Exercise aim — What is needed is every line from the one holding "Mentari houten poppenhuis" to the last line of the data below, printed exactly and without pictures.

Source data
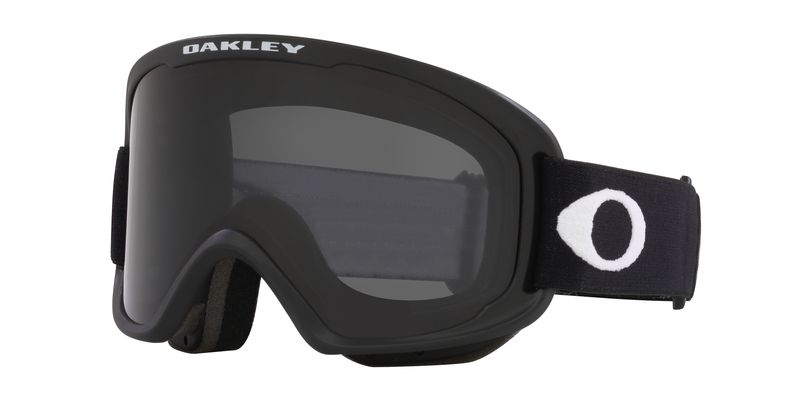 FRONT VIEW OF OAKLEY UNISEX O-FRAME 2.0 PRO M GOGGLES IN MATTE BLACK DARK GREY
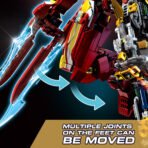 Mesiondy Iron Man MK50 Armored Hero Semi-Mechanical Mech Building Kit ¨C 2002 PCS Premium Brick System | Deconstructed Collectible Display Model | Light-Up Energy Effects - Image 11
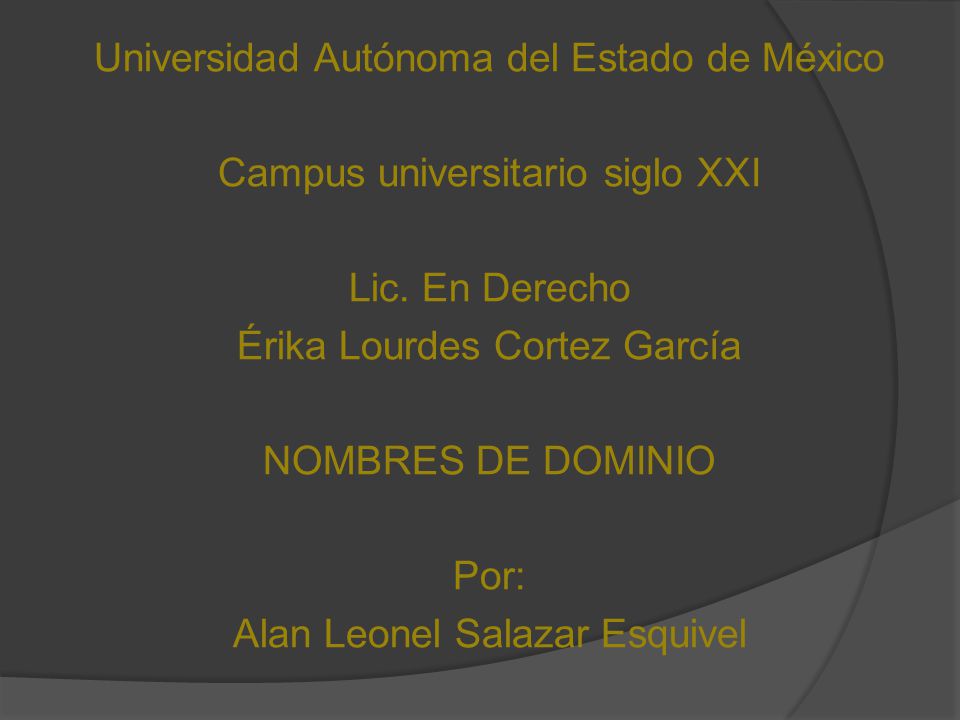 Universidad Autónoma del Estado de México Campus universitario siglo XXI Lic.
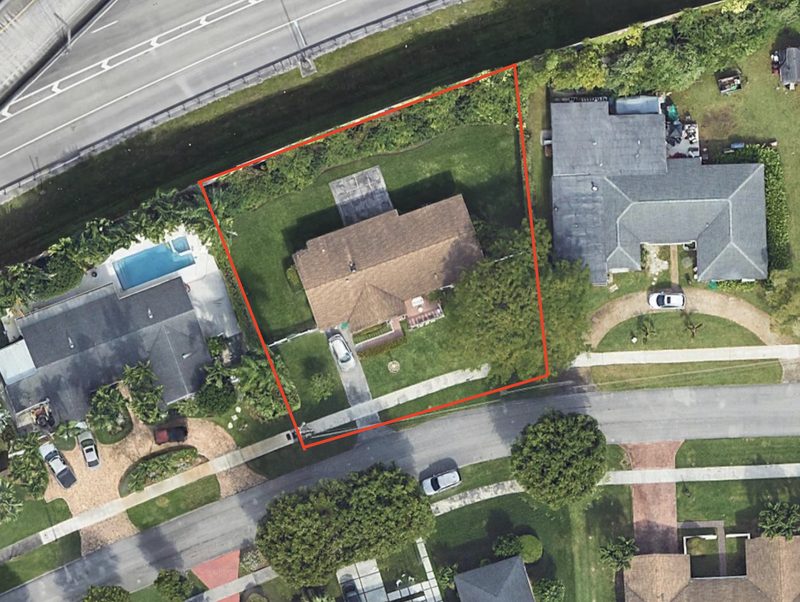 Aerial photo of 9281 SW 80th Terrace, sold off-market $850K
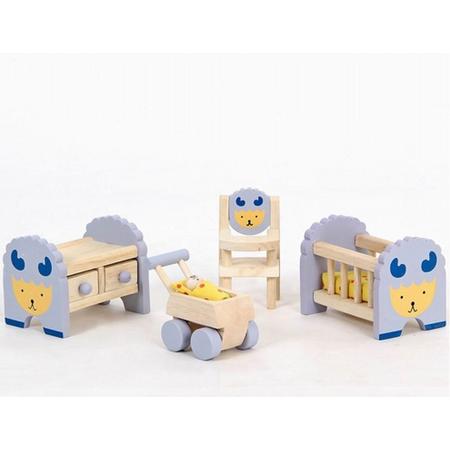 Mentari houten poppenhuis meubeltjes babykamer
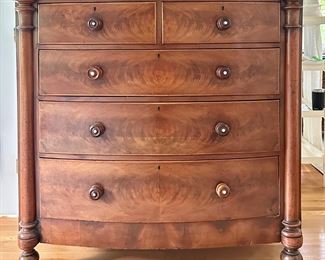Scottish Empire Mahogany Tall Chest c. 1850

The completed task —
 Mentari houten poppenhuis meubeltjes babykamer
Scottish Empire Mahogany Tall Chest c. 1850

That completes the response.